At the end of May Freddie Mac said “the 30-year fixed averaged 3.75 percent setting a new all-time record low for the fifth consecutive week. The 15-year fixed averaged an unprecedented 2.97 percent.”

There’s no doubt that such rates are astonishingly good. Super-low rates mean millions of homeowners can refinance and reduce their monthly costs. Borrowers with ARMs do not have to fear rate hikes — as long as interest levels remain in a trough. And today’s low rates are available across-the-board with VA loans, FHA mortgages and conventional financing. It doesn’t matter if you’re buying a traditional home, a short sale or a foreclosure.

Mortgage Applications

The catch is you have to be qualified to get financing and many borrowers today are running into tremendous problems during the application process. According to Federal Reserve Chairman Ben Bernanke, “tight lending standards and terms remain especially evident.”

Bernanke said one recent survey of bank loan officers found that even with 20% down many lenders still will not approve qualified borrowers.

“Most banks,” explained the Fed chairman, “indicated that their reluctance to accept mortgage applications from borrowers with less-than-perfect records is related to ‘putback risk’ — the risk that a bank might be forced to buy back a defaulted loan if the underwriting or documentation was judged deficient in some way.

Urban Legends

Concerns about put-back risk have now attained the status of urban legend. Lenders allegedly worry that they may have to buy back loans because of some minor clerical error or application oversight.
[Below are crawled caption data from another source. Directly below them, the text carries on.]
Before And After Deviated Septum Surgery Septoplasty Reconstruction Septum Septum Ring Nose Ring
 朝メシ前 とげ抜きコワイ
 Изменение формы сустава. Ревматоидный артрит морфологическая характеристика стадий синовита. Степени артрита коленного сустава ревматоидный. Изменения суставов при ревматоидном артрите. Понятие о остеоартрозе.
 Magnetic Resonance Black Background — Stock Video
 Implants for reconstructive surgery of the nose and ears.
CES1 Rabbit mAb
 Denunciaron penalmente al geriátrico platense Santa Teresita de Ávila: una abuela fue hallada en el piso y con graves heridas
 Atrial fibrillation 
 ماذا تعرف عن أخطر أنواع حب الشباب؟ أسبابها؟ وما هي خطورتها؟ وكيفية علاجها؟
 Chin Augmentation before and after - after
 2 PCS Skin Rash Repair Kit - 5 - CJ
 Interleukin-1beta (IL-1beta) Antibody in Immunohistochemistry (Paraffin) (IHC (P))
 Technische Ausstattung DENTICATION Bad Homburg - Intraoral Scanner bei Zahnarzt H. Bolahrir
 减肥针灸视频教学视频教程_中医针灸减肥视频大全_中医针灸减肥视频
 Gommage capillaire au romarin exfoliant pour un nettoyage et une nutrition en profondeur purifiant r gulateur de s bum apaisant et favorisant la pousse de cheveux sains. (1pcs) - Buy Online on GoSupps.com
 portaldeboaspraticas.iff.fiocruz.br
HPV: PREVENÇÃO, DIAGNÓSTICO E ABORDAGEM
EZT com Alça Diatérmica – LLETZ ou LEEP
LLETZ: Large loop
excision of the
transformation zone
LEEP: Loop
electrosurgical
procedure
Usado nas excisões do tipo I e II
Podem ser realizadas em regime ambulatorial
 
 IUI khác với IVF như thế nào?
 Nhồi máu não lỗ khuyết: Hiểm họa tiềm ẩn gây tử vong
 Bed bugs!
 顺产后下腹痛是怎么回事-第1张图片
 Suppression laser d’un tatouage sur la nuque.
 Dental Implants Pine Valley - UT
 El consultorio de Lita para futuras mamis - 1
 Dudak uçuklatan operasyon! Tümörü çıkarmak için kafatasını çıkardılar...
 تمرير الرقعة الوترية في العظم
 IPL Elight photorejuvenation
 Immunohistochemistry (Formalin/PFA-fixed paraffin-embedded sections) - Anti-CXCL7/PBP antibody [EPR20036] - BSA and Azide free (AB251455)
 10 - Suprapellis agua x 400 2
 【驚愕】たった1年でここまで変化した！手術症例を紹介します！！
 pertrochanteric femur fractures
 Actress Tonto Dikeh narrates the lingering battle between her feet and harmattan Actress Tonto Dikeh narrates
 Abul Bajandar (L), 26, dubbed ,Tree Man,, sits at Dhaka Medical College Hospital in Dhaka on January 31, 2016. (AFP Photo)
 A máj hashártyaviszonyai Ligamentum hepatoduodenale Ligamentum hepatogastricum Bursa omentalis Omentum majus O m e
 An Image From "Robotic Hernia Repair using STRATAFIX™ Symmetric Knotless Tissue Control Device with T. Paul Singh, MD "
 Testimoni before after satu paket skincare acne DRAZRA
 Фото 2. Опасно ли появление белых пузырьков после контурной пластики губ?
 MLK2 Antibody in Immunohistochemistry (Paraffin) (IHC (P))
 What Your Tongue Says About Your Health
The reality is that lenders issue huge numbers of mortgages each year and it’s enormously difficult for investors to force lender buybacks. The usual standard is not a paperwork glitch, instead it’s a mortgage where the borrower has not made one or more payments during the first 120 days of the loan term or the mortgage was created through the use of fraud. Neither of these conditions is based on minor paperwork problems

Lenders who don’t make loans can’t maximize profits. No less important, borrowers who don’t borrow at today’s rates effectively express little confidence in the future. With rates where they are this should be a great time to borrow and invest, to borrow and create jobs, and to lock-in low rates for homes and investment properties.

It’s going to happen that mortgage rates will rise and when they do some will complain that higher rates are somehow unfair or unwarranted. In fact, higher rates will be a sign the economy has begun to get back on track.

Meanwhile, now is a very good time to finance or refinance.